The Bridge of Angels is a pedestrian bridge and always crowded. Tourists, selfie sticks aloft as well as immigrants selling counterfeit bags mingle past buskers and street artists. I wonder what Bernini would have made of it?

 I'm almost relieved to walk away to the next bridge of Vittorio Emmanuelle II. Large sculptures adorn the bridge, allegorical representations of Liberty, Oppression defeated, Unity of Italy and Loyalty to the Constitution. The four end pillars are decorated with winged victories. I look back at the view towards Castel Sant'Angelo which is perhaps the most attractive thing about this bridge. The sculptures are heavy and unsubtle. Up head yawns the mouth of a tunnel that passes through the Gianiculum hill and dead ends at the Vatican.
Lunch time is drawing to a close and the roads are getting busier I go down the steps beside the bridge onto the banks of the Tiber. The trailing police tape is evidence that they have only recently been made re-accessible to the public. The water is still high lapping at the edges and covering steps which under normal circumstances would lead down to the water's edge. In places there is still some clayey mud and the water has left behind large and long streamers of plastic which adorn branches of trees like a mad mans Christmas streamers. Some ducks swim past easily overtaking my slow walk. I step off the cycle path as perfectly lycra clad cyclists race past. I pass under Ponte Principe Amedeo, a more recent construction made of brick and marble. Its distinguishing features are 2 single lancet windows. I look back at the view of a distant Castle Sant Angelo. I move on. 


Ponte Amedeo

The next bridge is Ponte Mazzini yet another heavy masonry bridge dedicated to yet another key player in Italian unification. 

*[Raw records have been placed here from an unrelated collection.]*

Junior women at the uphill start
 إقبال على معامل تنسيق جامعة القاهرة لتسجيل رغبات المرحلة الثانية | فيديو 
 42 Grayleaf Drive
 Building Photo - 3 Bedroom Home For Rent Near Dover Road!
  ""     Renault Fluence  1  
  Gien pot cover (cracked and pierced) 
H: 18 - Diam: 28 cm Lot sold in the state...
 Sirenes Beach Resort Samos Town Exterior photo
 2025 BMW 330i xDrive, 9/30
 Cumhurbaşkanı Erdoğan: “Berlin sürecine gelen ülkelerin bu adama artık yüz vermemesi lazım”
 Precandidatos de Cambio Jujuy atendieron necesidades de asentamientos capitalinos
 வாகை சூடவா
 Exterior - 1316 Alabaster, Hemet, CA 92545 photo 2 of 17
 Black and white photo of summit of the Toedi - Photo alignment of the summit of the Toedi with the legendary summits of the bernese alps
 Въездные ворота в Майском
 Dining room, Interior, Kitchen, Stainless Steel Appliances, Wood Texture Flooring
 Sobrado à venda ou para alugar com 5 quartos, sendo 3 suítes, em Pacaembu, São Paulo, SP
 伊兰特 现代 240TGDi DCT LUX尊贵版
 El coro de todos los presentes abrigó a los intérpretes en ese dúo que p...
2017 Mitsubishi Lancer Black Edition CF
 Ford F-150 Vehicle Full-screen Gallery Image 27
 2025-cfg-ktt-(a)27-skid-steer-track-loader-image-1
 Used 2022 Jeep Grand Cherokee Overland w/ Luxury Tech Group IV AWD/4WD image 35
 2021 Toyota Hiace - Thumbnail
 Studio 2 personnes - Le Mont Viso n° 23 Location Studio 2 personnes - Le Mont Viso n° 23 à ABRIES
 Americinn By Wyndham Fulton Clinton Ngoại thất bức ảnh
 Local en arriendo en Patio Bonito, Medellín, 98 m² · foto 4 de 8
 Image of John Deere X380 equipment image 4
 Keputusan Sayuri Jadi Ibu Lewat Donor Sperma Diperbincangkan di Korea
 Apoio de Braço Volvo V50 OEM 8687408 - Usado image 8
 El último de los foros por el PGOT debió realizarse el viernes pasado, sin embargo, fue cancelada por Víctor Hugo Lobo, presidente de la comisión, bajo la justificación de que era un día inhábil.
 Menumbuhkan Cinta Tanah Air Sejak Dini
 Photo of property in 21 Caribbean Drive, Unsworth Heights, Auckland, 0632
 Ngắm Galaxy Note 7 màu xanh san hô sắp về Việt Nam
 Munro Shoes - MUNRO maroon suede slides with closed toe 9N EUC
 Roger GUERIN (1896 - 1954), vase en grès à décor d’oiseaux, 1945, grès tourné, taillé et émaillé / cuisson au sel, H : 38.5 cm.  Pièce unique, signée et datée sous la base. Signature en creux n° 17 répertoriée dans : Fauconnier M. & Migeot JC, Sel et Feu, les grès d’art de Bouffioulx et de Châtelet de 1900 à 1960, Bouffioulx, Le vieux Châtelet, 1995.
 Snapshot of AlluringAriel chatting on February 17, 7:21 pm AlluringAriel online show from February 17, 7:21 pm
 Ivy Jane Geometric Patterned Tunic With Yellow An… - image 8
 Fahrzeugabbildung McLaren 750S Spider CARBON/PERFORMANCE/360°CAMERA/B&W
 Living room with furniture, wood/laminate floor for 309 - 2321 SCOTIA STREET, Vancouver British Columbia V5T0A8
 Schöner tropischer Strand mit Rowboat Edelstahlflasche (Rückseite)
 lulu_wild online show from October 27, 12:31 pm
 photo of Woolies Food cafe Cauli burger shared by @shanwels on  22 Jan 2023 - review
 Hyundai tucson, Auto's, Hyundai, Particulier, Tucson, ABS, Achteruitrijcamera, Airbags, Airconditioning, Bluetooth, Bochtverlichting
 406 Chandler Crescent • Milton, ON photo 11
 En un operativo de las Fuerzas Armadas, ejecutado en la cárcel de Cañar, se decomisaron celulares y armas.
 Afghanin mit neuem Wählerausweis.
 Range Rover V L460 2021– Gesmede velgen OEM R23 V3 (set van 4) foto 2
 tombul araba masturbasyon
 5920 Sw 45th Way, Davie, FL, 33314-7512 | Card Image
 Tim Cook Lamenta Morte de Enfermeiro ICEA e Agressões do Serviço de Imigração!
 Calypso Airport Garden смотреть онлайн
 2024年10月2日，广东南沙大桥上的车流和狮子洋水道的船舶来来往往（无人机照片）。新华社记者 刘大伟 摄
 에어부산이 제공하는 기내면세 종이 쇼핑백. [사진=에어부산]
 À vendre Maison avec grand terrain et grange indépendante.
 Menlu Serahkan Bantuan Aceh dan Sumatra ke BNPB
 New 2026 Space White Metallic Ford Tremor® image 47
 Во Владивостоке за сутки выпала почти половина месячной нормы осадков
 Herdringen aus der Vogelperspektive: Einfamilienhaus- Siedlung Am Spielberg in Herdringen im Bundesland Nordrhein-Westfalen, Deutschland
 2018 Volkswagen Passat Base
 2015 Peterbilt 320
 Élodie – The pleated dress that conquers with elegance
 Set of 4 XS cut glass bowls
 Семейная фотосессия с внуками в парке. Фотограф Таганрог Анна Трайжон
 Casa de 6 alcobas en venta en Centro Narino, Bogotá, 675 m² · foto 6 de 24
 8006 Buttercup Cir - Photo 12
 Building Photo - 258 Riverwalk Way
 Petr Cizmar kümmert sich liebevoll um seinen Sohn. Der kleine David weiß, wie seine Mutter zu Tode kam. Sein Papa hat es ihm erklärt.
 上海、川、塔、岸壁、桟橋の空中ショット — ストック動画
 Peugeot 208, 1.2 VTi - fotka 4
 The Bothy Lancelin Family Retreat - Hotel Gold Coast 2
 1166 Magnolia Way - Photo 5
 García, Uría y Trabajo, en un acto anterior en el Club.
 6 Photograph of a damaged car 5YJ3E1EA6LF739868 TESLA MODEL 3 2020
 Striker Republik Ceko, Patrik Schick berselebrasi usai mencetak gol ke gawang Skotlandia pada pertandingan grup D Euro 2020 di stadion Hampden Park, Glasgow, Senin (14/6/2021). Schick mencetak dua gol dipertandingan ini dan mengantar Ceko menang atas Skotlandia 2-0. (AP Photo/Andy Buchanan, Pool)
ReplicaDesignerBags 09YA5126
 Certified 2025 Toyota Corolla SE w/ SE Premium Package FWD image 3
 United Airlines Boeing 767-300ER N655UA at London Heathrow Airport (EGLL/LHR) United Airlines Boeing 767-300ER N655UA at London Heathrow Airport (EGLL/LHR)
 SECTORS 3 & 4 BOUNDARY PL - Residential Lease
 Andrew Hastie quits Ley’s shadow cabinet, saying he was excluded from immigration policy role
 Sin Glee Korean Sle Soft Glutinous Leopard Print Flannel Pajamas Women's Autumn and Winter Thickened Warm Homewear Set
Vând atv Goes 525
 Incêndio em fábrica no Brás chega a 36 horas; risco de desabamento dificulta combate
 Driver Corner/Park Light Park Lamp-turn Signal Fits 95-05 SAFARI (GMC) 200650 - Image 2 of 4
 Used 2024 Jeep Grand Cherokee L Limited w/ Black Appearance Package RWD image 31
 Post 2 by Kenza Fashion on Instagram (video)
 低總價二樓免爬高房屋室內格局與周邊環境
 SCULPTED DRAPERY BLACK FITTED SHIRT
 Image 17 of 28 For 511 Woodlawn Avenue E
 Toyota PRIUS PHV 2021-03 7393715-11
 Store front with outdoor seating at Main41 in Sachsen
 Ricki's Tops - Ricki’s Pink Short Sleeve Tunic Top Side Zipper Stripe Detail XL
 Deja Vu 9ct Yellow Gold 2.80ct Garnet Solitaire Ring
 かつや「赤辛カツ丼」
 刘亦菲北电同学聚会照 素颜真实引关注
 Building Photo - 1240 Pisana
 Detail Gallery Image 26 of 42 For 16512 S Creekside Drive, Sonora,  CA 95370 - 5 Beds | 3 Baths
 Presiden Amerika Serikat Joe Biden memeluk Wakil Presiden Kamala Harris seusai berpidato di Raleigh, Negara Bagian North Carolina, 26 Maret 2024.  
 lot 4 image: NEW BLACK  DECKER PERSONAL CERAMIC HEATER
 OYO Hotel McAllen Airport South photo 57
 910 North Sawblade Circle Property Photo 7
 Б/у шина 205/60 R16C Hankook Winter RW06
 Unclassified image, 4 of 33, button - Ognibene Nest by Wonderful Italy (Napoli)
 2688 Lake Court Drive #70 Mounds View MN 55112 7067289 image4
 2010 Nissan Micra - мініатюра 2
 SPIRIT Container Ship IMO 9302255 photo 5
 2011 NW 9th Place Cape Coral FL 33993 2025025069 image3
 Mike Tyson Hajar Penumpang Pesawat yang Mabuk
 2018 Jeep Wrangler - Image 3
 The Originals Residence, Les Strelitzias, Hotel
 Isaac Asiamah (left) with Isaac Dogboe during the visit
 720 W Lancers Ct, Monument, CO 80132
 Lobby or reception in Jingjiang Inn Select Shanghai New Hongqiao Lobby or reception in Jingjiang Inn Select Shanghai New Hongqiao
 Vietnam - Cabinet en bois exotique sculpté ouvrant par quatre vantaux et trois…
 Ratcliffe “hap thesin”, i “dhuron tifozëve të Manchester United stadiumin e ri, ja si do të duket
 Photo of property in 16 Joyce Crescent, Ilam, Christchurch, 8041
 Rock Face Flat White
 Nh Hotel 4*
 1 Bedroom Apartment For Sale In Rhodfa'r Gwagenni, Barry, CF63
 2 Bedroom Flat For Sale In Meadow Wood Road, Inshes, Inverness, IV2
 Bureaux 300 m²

A plaque on the wall indicates that I'm at Piazza Tevere. I'm puzzled. There is no Piazza where I stand just the banks of the river curving forwards and the walls rising up to the road. 

Quite by accident I have stumbled across the 500metre long frieze entitled 'Triumphs and Laments' by the South African artist William Kendall. It fascinates me. Some scenes are easy to recognise Anita Exberg and Marcello Mastroianni in La Dolce Vita, but in a bath tub under a pouring shower head rather than the Trevi fountain, or the Capitoline she-wolf but other images are more baffling. In all there are 80.




Once I have passed the last image I climb up onto Lungotevere and onto Ponte Sisto, a pedestrian bridge that links Trastevere to Via Giulia and thence to Piazza Farnese and Campo Dei Fiori, the touristic heartland of Rome.

For me it is the end of the walk and time to go home.